▶ _THE TASK_
Leave every image out, and print the remaining lines below exactly.

▶ _MATERIAL PROVIDED_
****************************************
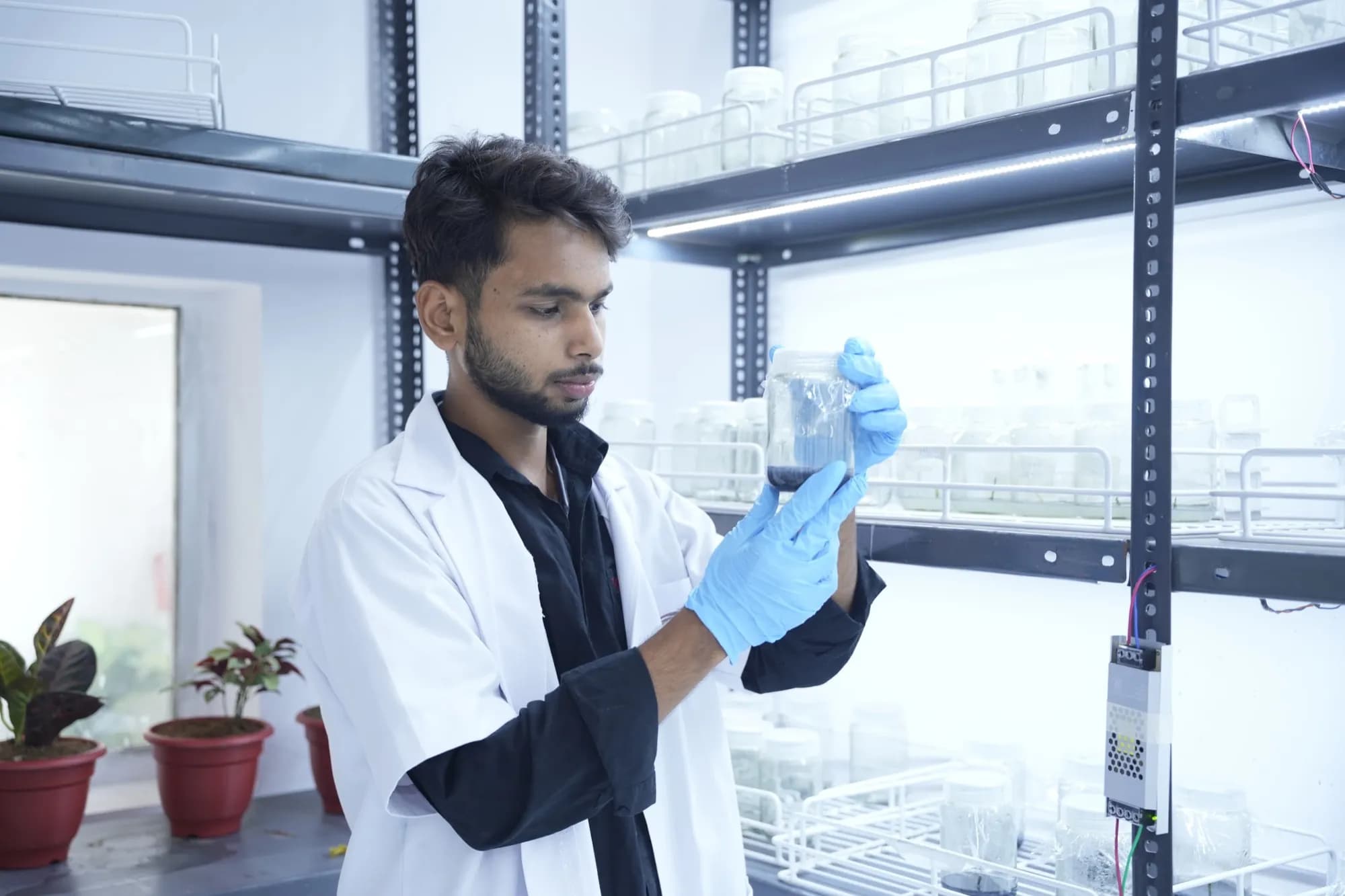 Trainee examining a culture jar beside potted mother plants in the tissue culture lab
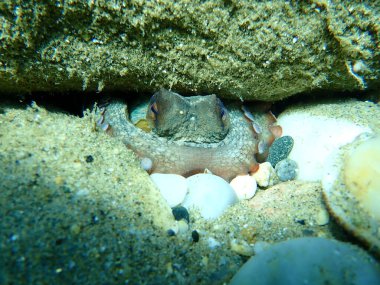 Genel ahtapot (Octopus vulgaris), Ege Denizi, Yunanistan, Halkidiki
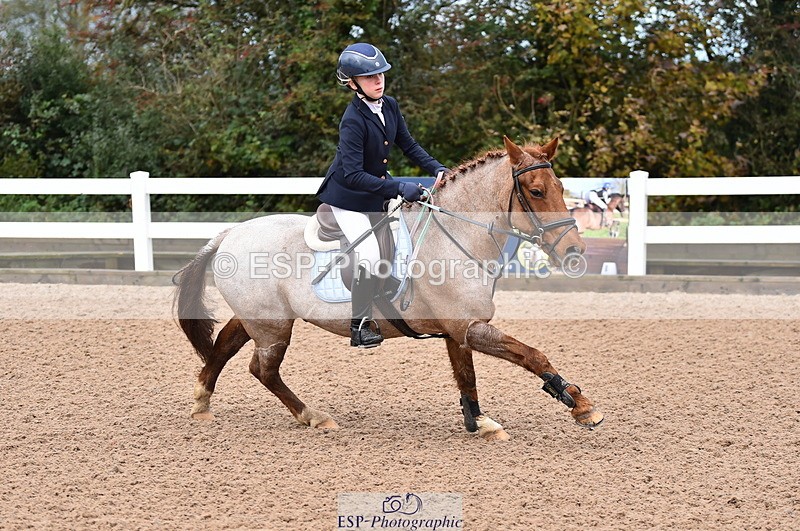 231029A-103114-02312 - 70cm Pony Intro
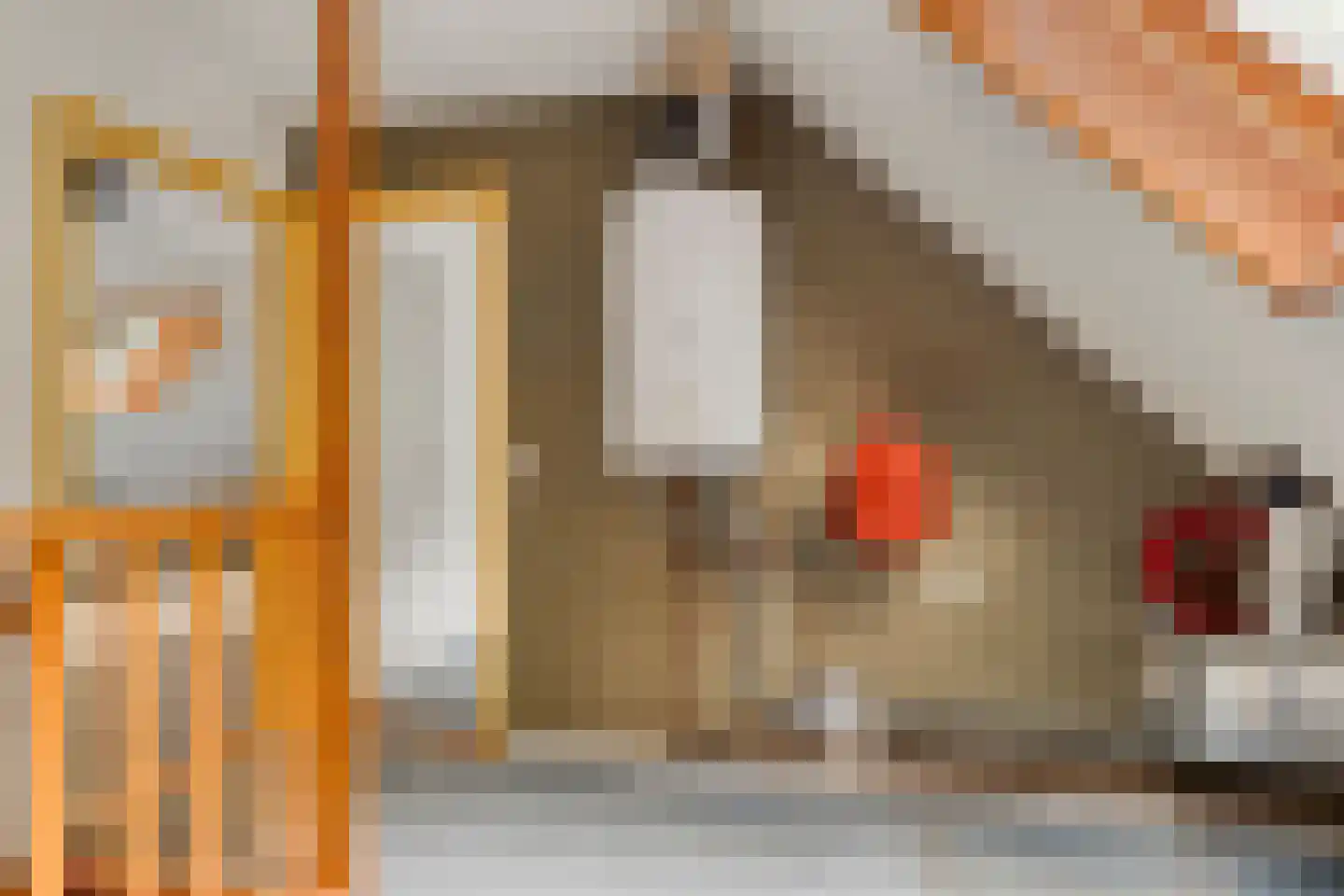 Voorsteweg 19 Norg thumbnail 18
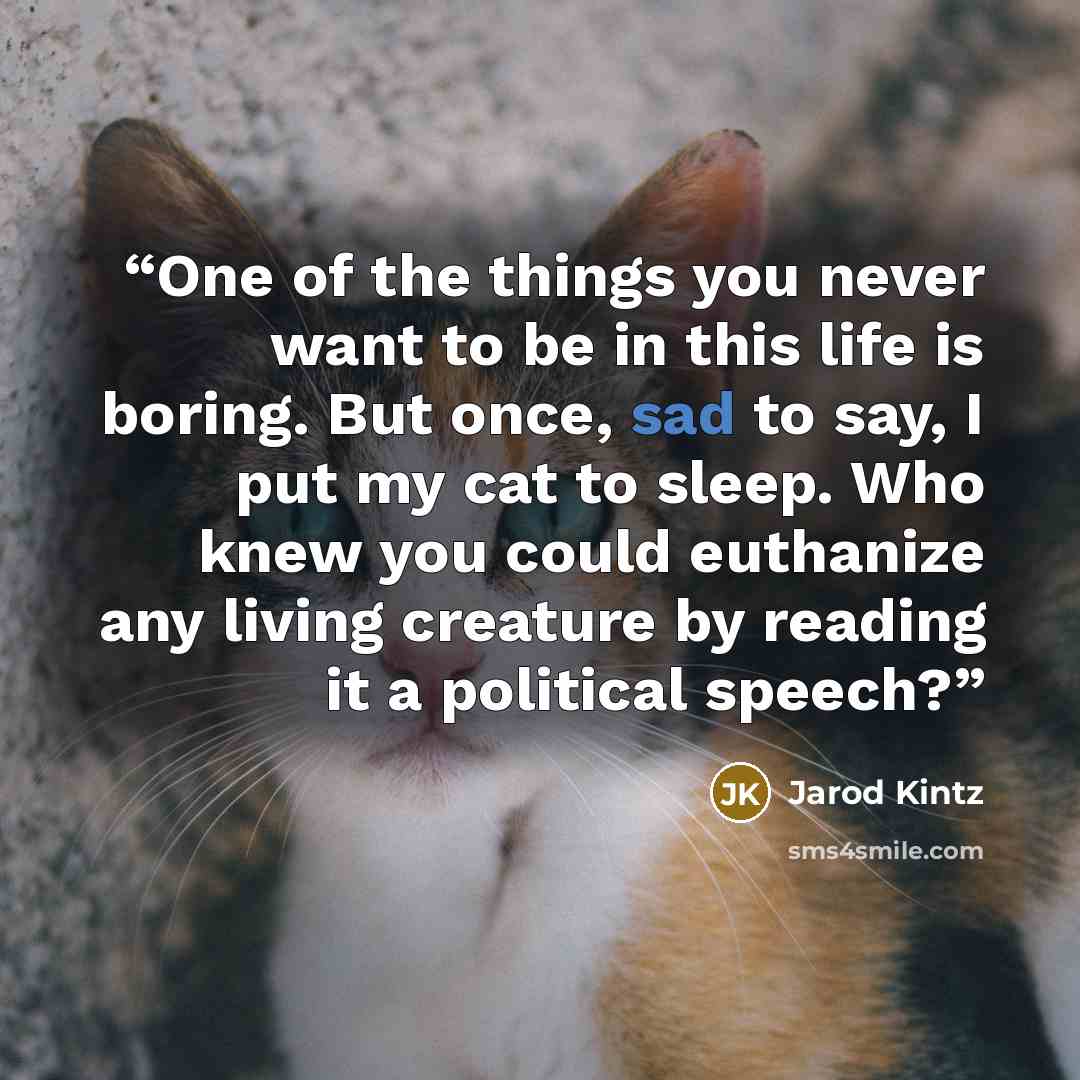 “One of the things you never want to be in this life is boring. But once, sad to say, I put my cat to sleep. Who knew you could euthanize any living creature by reading it a political speech?” quote by Jarod Kintz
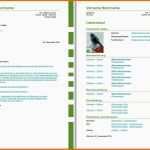 Phänomenal Bewerbungsvorlagen Für Libreoffice
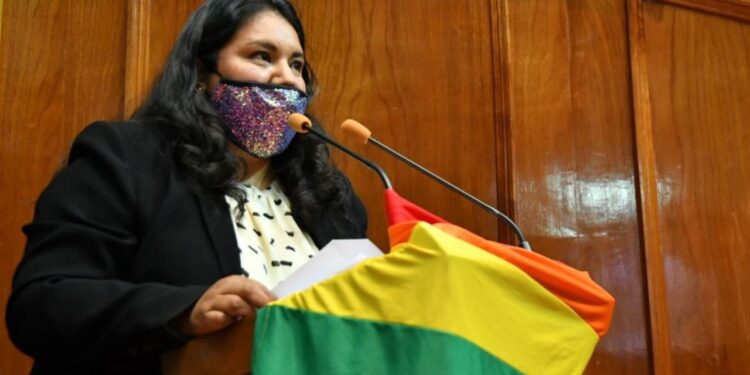 Concesionarias y Capufe, detrs de la detencin de la activista Kenia Hernndez: CDHZL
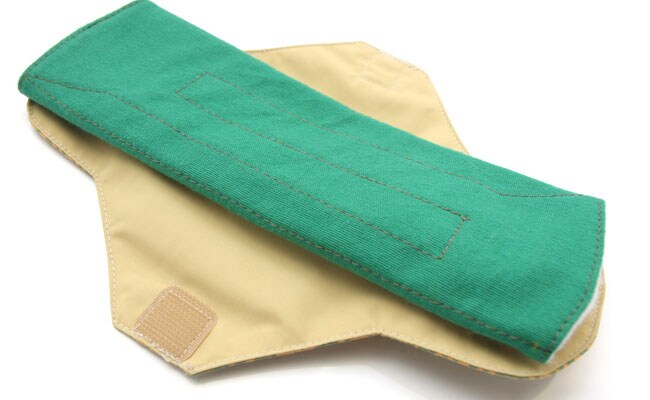 आम सैनिटरी नैपकिन से बेहतर है बायोडिग्रेडेबल पैड, दीया मिर्जा भी करती हैं इस्‍तेमाल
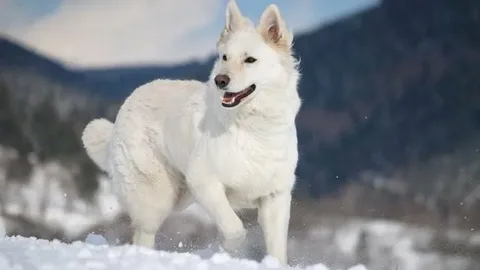 White German Shepherd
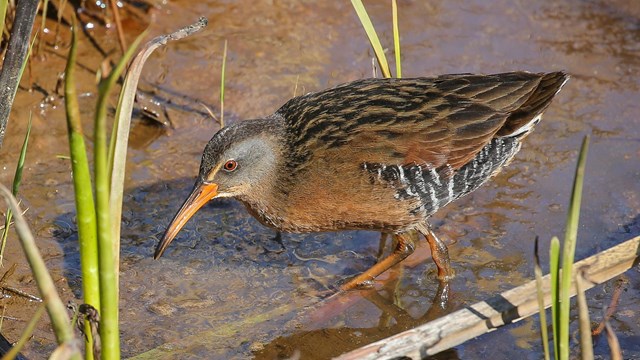 A Virginia rail stands in a wetland. The cattails in the background are brown and green.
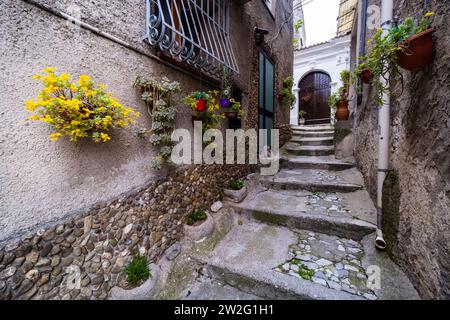 Ruelle étroite dans la ville de Morano Calabro, décorée de fleurs en pots. Banque D'Images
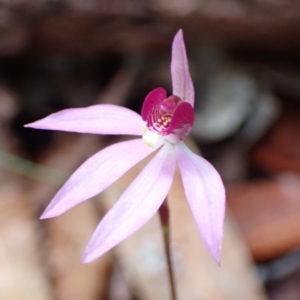 Caladenia hillmanii at Vincentia, NSW - suppressed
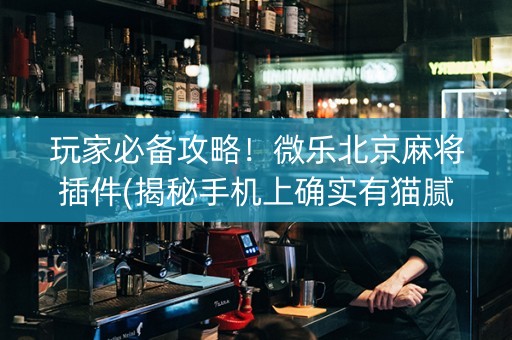 玩家必备攻略！微乐北京麻将插件(揭秘手机上确实有猫腻)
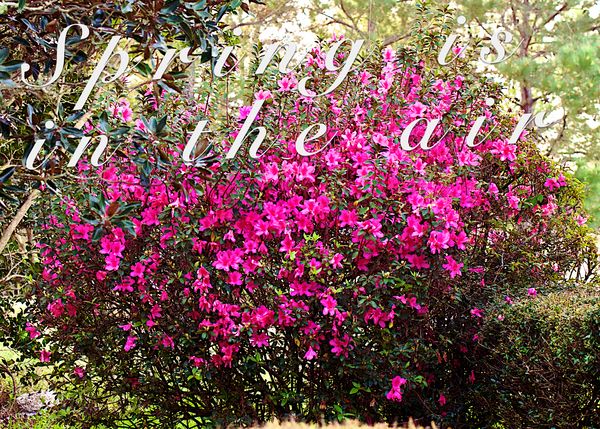 The azaleas are one of the first flowering plants ...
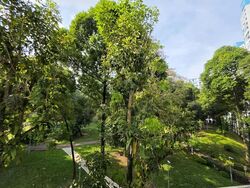 Blk 534 Panshan Grove (Bukit Panjang), HDB 5 Rooms #578675041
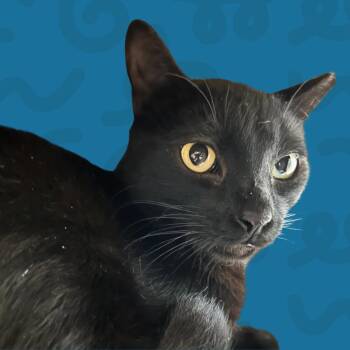 Domestic Short Hair Cats Available for Adoption in Reno, Nevada - Raven | PetCurious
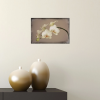 Orchid | Photography by Louise O'Gorman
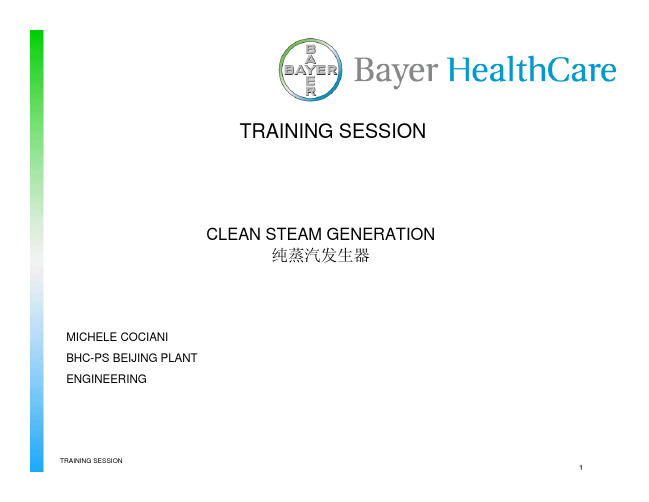 纯蒸汽发生器 CLEAN STEAM GENERATION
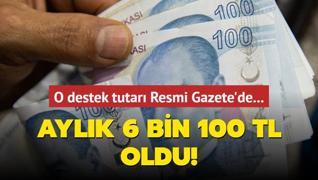 O destek tutar Resmi Gazete'de... Aylk 6 bin 100 TL oldu!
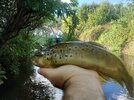 DSC_8956.JPG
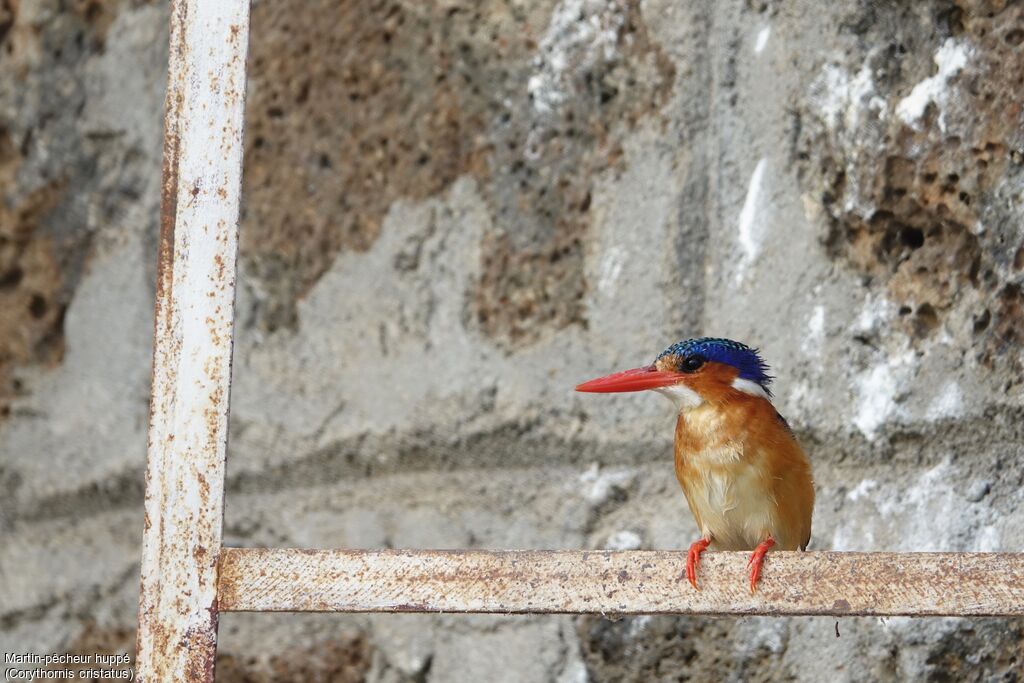 Malachite Kingfisher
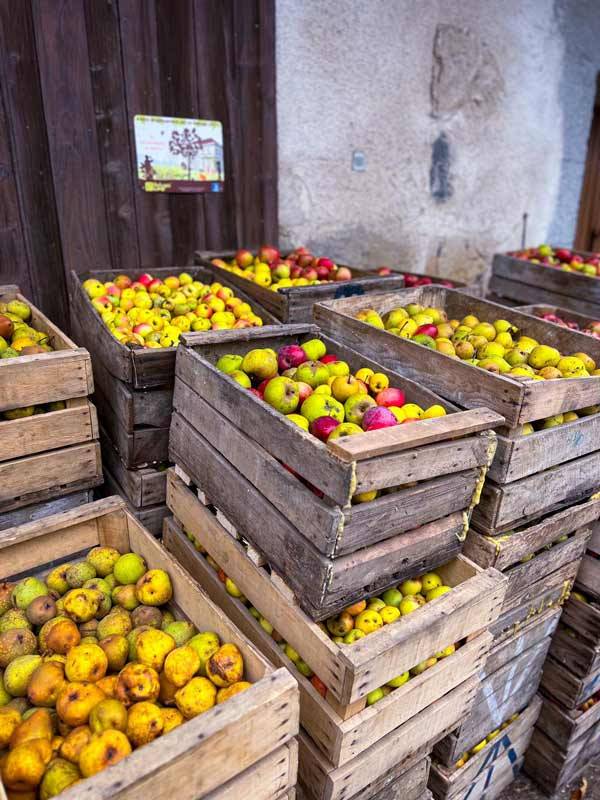 Caisses de pommes Jardin de max et Nana producteurs locaux de pommes et jus de fruits en Savoie réseau Accueil Paysan agritourisme vacances à la ferme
****************************************
▶ _RESPONSE TO THIS EXERCISE_
 Trainee examining a culture jar beside potted mother plants in the tissue culture lab
 Genel ahtapot (Octopus vulgaris), Ege Denizi, Yunanistan, Halkidiki
 231029A-103114-02312 - 70cm Pony Intro
 Voorsteweg 19 Norg thumbnail 18
 “One of the things you never want to be in this life is boring. But once, sad to say, I put my cat to sleep. Who knew you could euthanize any living creature by reading it a political speech?” quote by Jarod Kintz
 Phänomenal Bewerbungsvorlagen Für Libreoffice
 Concesionarias y Capufe, detrs de la detencin de la activista Kenia Hernndez: CDHZL
 आम सैनिटरी नैपकिन से बेहतर है बायोडिग्रेडेबल पैड, दीया मिर्जा भी करती हैं इस्‍तेमाल
 White German Shepherd
 A Virginia rail stands in a wetland. The cattails in the background are brown and green.
 Ruelle étroite dans la ville de Morano Calabro, décorée de fleurs en pots. Banque D'Images
 Caladenia hillmanii at Vincentia, NSW - suppressed
 玩家必备攻略！微乐北京麻将插件(揭秘手机上确实有猫腻)
 The azaleas are one of the first flowering plants ...
 Blk 534 Panshan Grove (Bukit Panjang), HDB 5 Rooms #578675041
 Domestic Short Hair Cats Available for Adoption in Reno, Nevada - Raven | PetCurious
 Orchid | Photography by Louise O'Gorman
 纯蒸汽发生器 CLEAN STEAM GENERATION
 O destek tutar Resmi Gazete'de... Aylk 6 bin 100 TL oldu!
 DSC_8956.JPG
 Malachite Kingfisher
 Caisses de pommes Jardin de max et Nana producteurs locaux de pommes et jus de fruits en Savoie réseau Accueil Paysan agritourisme vacances à la ferme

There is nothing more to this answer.